What’s in Your Town’s Litter?

By Nancy Grundahl

Litter! Oh how I hate it! I hate it so much I decided to do something about it. I started picking it up. Every work day I take a bag with me and pick up litter on my walk home from the train station. I am always amazed at how much I find.

After a while I noticed a curious thing about the litter in the town where I live. Most of our litter is food-related: beverage cans, bottles and bottle caps, straws, candy and gum wrappers, take-out containers, plastic utensils, napkins… A distant second is paper, mainly ATM and store receipts and old mail that escaped from our paper recycling pickup on Mondays.

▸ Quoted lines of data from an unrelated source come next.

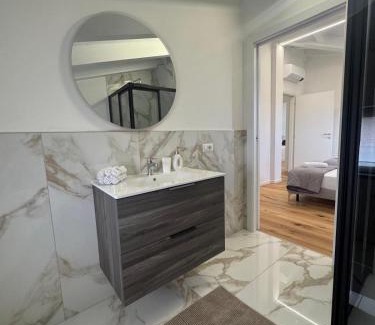 Mozzate Apartamento | Apartment with Jacuzzi near Como Milano FREE PARKING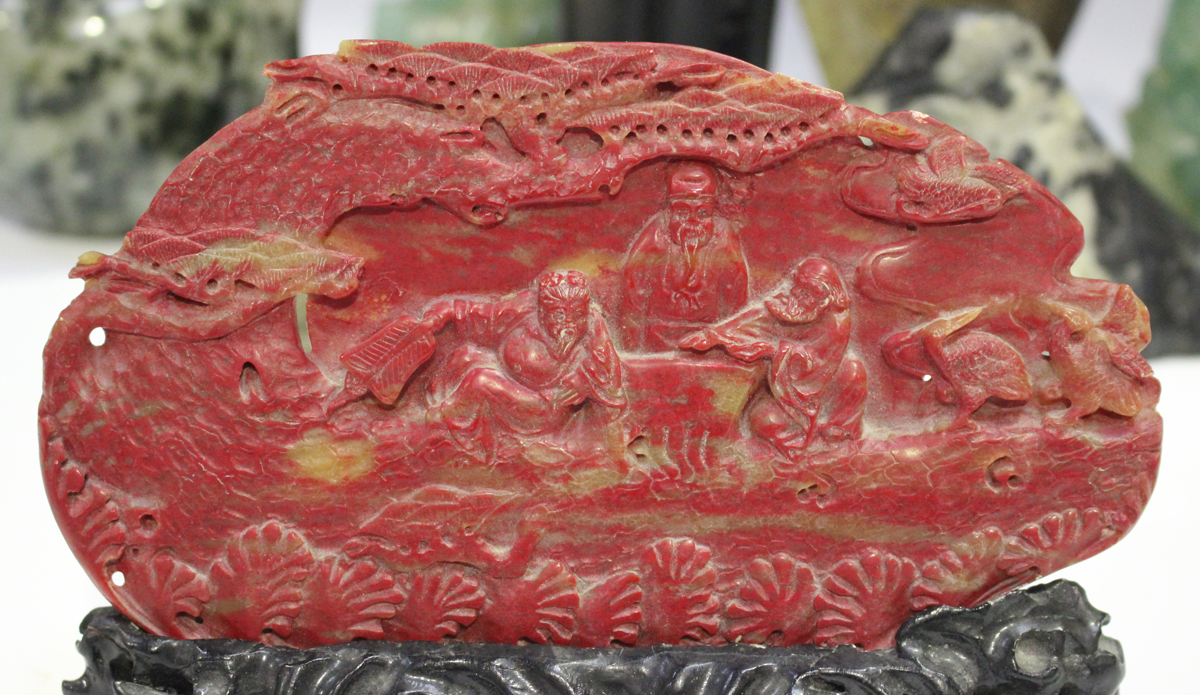 A group of Chinese hardstone carvings, mostly 20th century, including a pair of green quartz - Image 20 of 20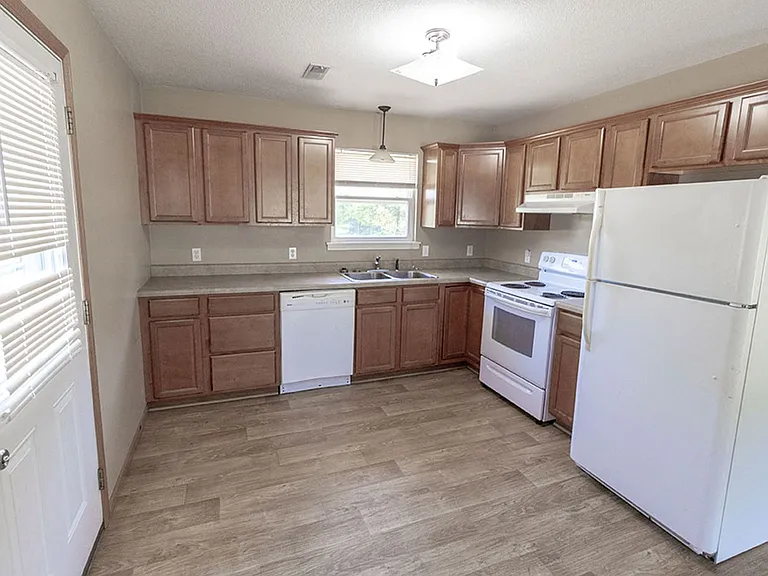 1544 Florence Dr — Photo 6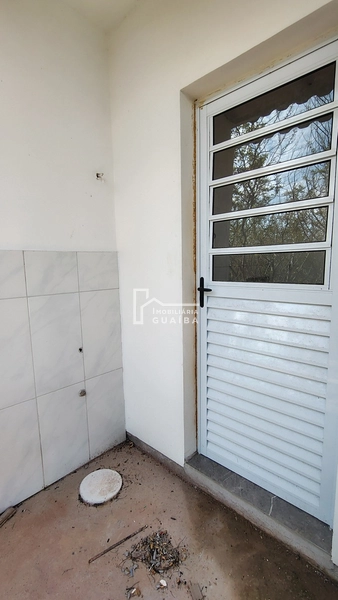 casa com pátio individual: 7ª foto da galeria de imagens do imóvel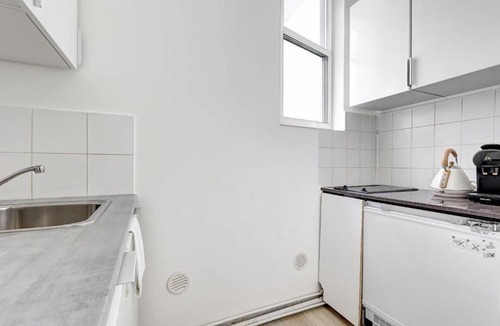 Levallois-Perret Apartment | Studio cosy et calme pres de So Ouest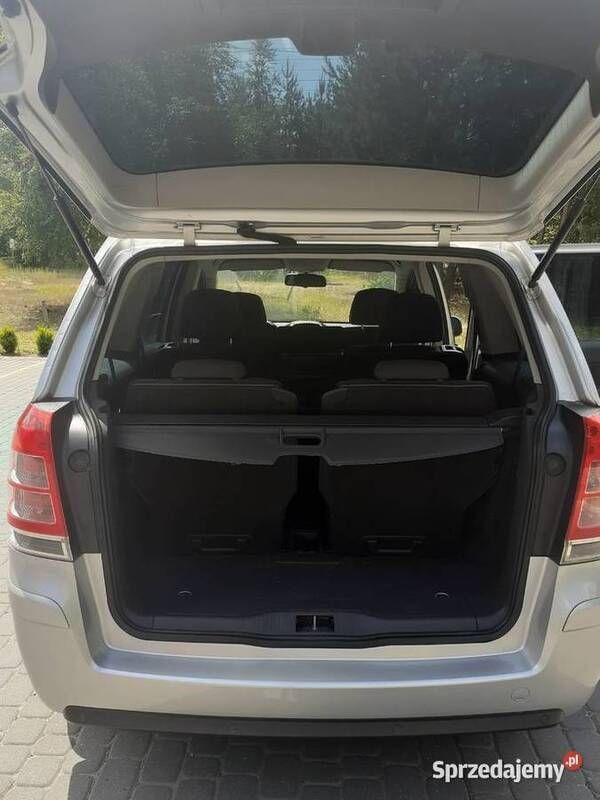 Używany Opel Zafira Cosmo 2012 Srebrny Minivan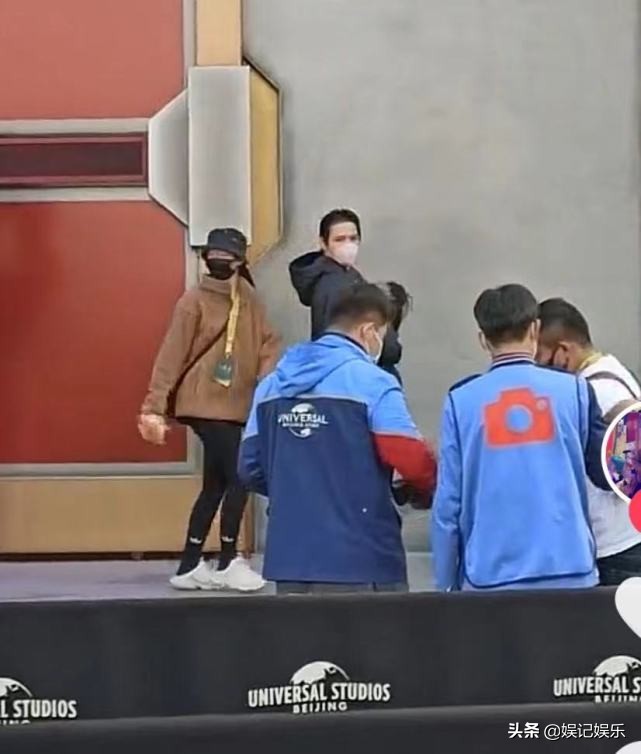 向佐一家逛环球影城，cora在爸爸怀里熟睡，郭碧婷身形变圆润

So, I searched the web and found, much to my surprise, that what I am finding is not unusual. Food-related waste makes up the highest percentage of litter in other places in the U.S. too. Here is a sample of what I found.

·    Northeast 2010 Litter Survey of Vermont, Maine and New Hampshire Conducted for the American Beverage Association

o    “Miscellaneous paper and plastic (odd scraps of material) comprised the two largest components of litter; candy, snack wrappers, and fast food packaging together represented between 29 and 30 percent of litter; and beverage containers was similar, ranging from 5.6 percent to 7.9 percent.”

·    Clean Water Action – California

o    “Most of the products collected were food and beverage packaging: 48 percent food packaging, 19 percent beverage packaging, 15 percent non-packaging, 9 percent other packaging, 9 percent tobacco packaging.”

·    City of Hampton, Virginia

  • “Fast food, snack, tobacco, and other packaging dominated the types of litter that were larger than 4 inches in size – they were 46 percent of the total.”
  • “Main Types of Litter – Fast Food Waste 33 percent”
  • “The items most often found during litter cleanups are fast-food wrappers. The second-most-often found items are aluminum beer cans, followed very closely by soda cans.”

Have you ever thought about what’s in your town’s litter? The next time there is a cleanup day, go a step further and count and categorize the wastes you collect. You might even want to take some photos. Or, do as I have, start picking up litter on your walks and see what you find.

Why is this important? What you discover will be helpful when looking for the best approach to preventing the litter in the first place. When you figure out the sources, you’ll have a better idea of how to make it stop.

About the author: Nancy Grundahl has worked for the Philadelphia office of EPA since the mid-80’s. Nancy believes in looking at environmental problems in a holistic, multi-media way and is a strong advocate of preventing pollution instead of dealing with it after it has been created. Nancy also writes for the “Healthy Waters for EPA’s Mid-Atlantic Region” blog.